Lesson 8: Conversation and Dialogue

ecumenical unityWe have come to the last of the five reoccurring themes that I found when hastily rereading the documents of Vatican II. Although my intention was simply to refresh my memory, I was pleasantly surprised to find the five could serve as the framework for a modern Christian narrative. Each addresses our present societal problems from a solid biblical base.

The bishops described this new age in which we live as a socialization that they defined as an evolution toward unity. From their perspective our society’s present descent into tribalism is a denial of reality. They saw our situation requiring a respect for the dignity of every human being and an appreciation for diversity at a time when our society is split into isolated groups that each insist on having its own way and denigrate anyone who does not comply. A servant model emerged that pictured the church in conversation with all segments of society. The council chose this fifth theme, dialogue within the church, with other Christian communities, and with the world, as its hallmark.

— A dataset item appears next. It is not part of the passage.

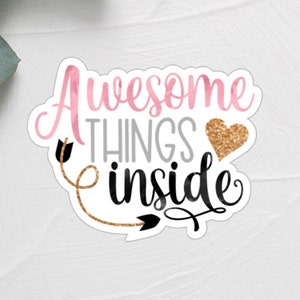 Naklejki Awesome Things Inside | Naklejki w kolorze różowym i czarnym | Naklejki wysyłkowe dla małych firm | Zabawne naklejki wysyłkowe dla nowych firm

A somewhat cynical response might be that the church was forced to take this position, because she had lost the power to have her own way. That surely played a part in this new humility as was evident when those championing the old narrative insisted the church still should impose her authority on a society whenever she could. However, many of us think the servant church speaking God’s Word is exactly the kind of ministry to which Jesus has always called us.

A message that counsels love rather than power in the pursuit of the common good certainly involves using words rather than weapons. Indeed, the overall biblical narrative describes God’s participation in his creation primarily in terms of speaking words. Language joins the divine and human to one another.

The question then is how we engage in this conversation with God. Every Christian community agrees that one way is responding to the scriptural record of past conversations. And the Bible is in many ways a repository of conversations. The canon does not preserve one approved narrative. Even though I spoke of an overall biblical narrative in the preceding paragraph, it is far more accurate to recognize the scriptures remember a variety of positions. Although our forefathers might have tried to refine out the best of the past, they did not reduce their effort to only one take. For instance, the four gospels clearly interpret the Gospel from four different perspectives. Biblical study is always participation in ongoing conversation. So too the study of church history for that matter.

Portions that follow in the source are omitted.